How to convert SharePoint pages into PDF files

This post details how to convert SharePoint pages into PDF using Power Automate

June 15, 2022

Libraries, PDF, Power Automate, SharePoint, Site Pages

In this post we step through how you can use Power Automate to convert modern SharePoint pages into PDF files and save them to a document library.

Intro

Recently I got asked to come up with a way to turn SharePoint pages into PDF files for use in an offline scenario. The converted SharePoint pages didn’t need to be formatted as it was only the body content of a SharePoint page that was needed. Also part of the brief was that when the SharePoint page is updated, the corresponding PDF file also updates.

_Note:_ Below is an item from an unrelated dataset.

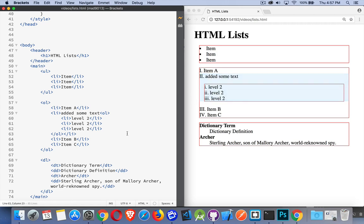Alright, and that's the basics of HTML lists. Hope that helps you out. Have fun with that. If you have any questions, feel free to leave them in the comments down below. And as always, thanks for watching. Take care.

There are several posts online that cover very topic this that I’ll reference at the end, but they didn’t quite do exactly what I wanted – so here’s my take on how to convert SharePoint pages into PDF files!

What you’ll need

A modern SharePoint site pages library (these come with every SharePoint site!)
A OneDrive location to temporarily store the SharePoint page outputs
Power Automate to build the automation
A document library to store the output PDF files

A note on the site pages library

In my example I didn’t want all the site pages to be converted into PDF files, so I added a choice column to ‘tag’ all the pages that should be converted. I set the default value of the choice column to be ‘Site Page’, so that the only pages that get converted are the ones I’m interested in. This is reflected in the flow below with the condition step.

*Add a choice column to ‘tag’ the pages you wish to convert to PDF.*

Building the flow

The trigger action for our flow is when a file is created or modified (properties only). This allows us to re-run the flow when SharePoint pages are updated to also update the PDF files.

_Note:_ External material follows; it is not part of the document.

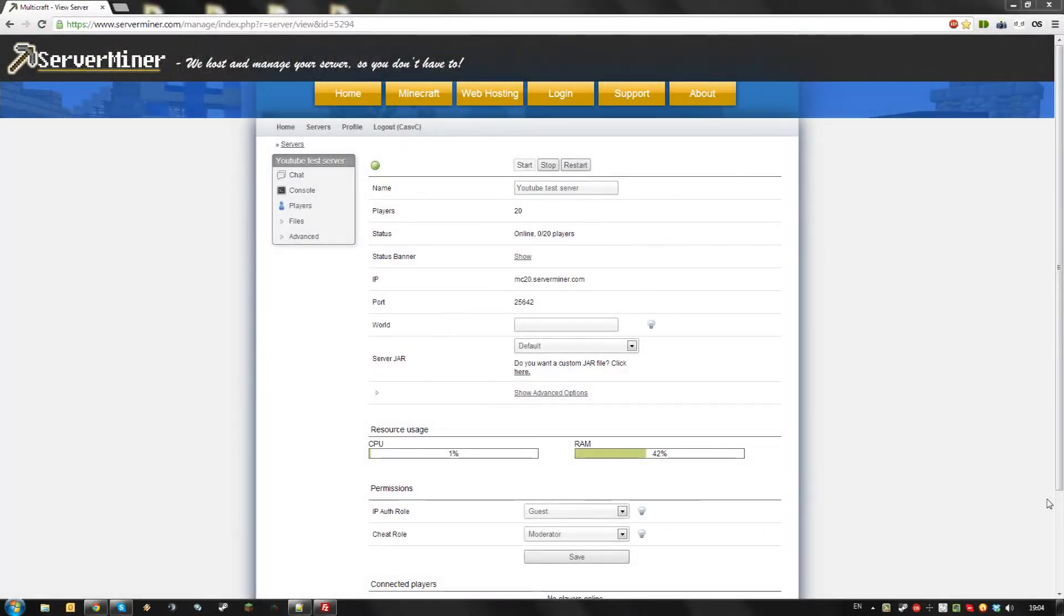Hello, today I'm going to show you how to install and use CraftBucket on your Surfminer server.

Select the site you are using to create the SharePoint pages in site address (If you don’t see it listed just press enter custom value and paste the URL in)
Select the Site Pages library under library name

Next, I’ve added a condition to only convert pages that have been tagged ‘Runbook’ to PDF.

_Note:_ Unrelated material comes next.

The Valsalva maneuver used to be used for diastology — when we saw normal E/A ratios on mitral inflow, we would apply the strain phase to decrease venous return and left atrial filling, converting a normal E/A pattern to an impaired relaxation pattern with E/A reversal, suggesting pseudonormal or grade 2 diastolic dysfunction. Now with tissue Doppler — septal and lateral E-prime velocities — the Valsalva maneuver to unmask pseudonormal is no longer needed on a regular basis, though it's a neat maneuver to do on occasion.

*Condition: if Document type value is equal to ‘Runbook’.*

Note: make sure you select the Value dynamic content for your choice column, rather than the choice column itself as that will break your flow.

If yes, next is a send an HTTP request to SharePoint step. Here I’m using a REST API call to get the body content of the SharePoint page.

*Use a send an HTTP request to SharePoint step to get the body content of your page.*

Set the site address to the site in question
Set method to GET
Enter the following in Uri:_api/web/lists/GetByTitle('Site%20Pages')/items('ID')/CanvasContent1
Replace ‘ID’ with the dynamic content ID from the when a file is created or modified step

Note: The output of this step generates some additional stuff you probably won’t want in your PDF like this:

 "d": { "CanvasContent1": "}}

I used the parse JSON step to remove the unwanted mark up and just get the plain text from the body content.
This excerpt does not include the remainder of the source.